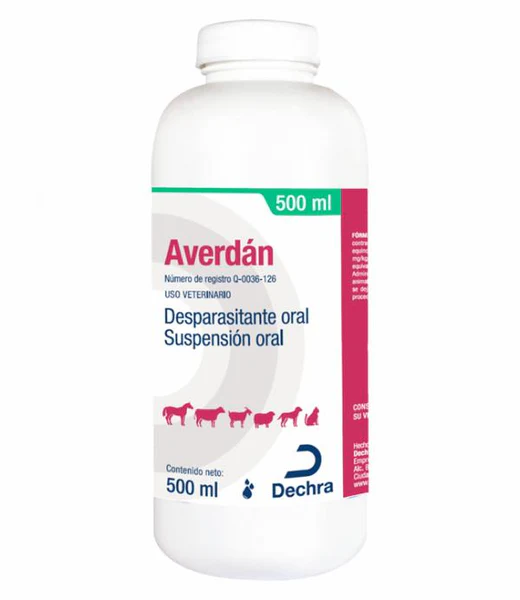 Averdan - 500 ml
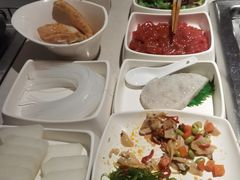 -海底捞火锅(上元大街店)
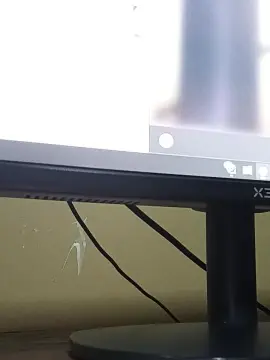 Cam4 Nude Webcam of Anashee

....................

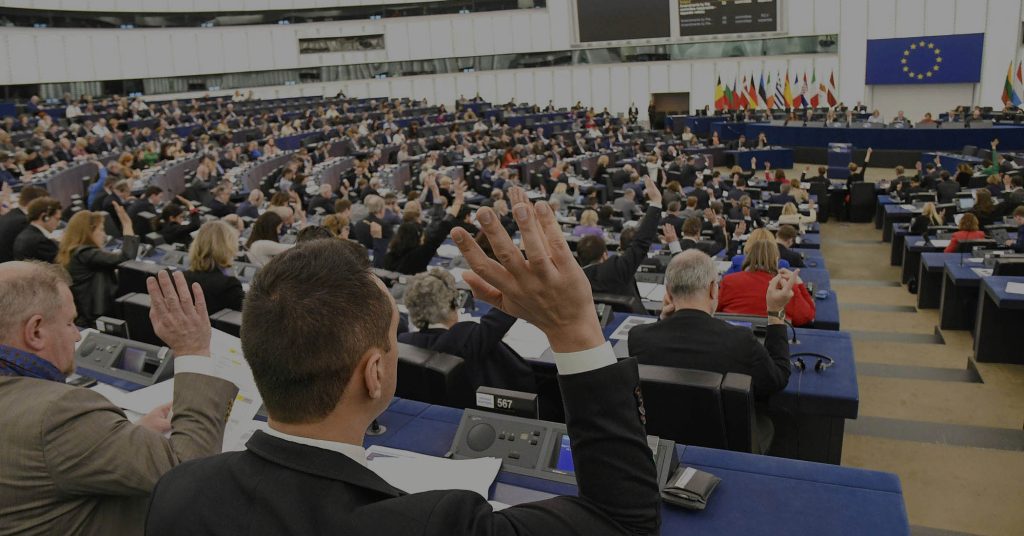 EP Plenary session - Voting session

....................

(Your task):
The material above holds pictures; leave them out and set down exactly the lines from the line with "Averdan - 500 ml" to the line with "Cam4 Nude Webcam of Anashee", both included.

(Response to the task):
 Averdan - 500 ml
 -海底捞火锅(上元大街店)
 Cam4 Nude Webcam of Anashee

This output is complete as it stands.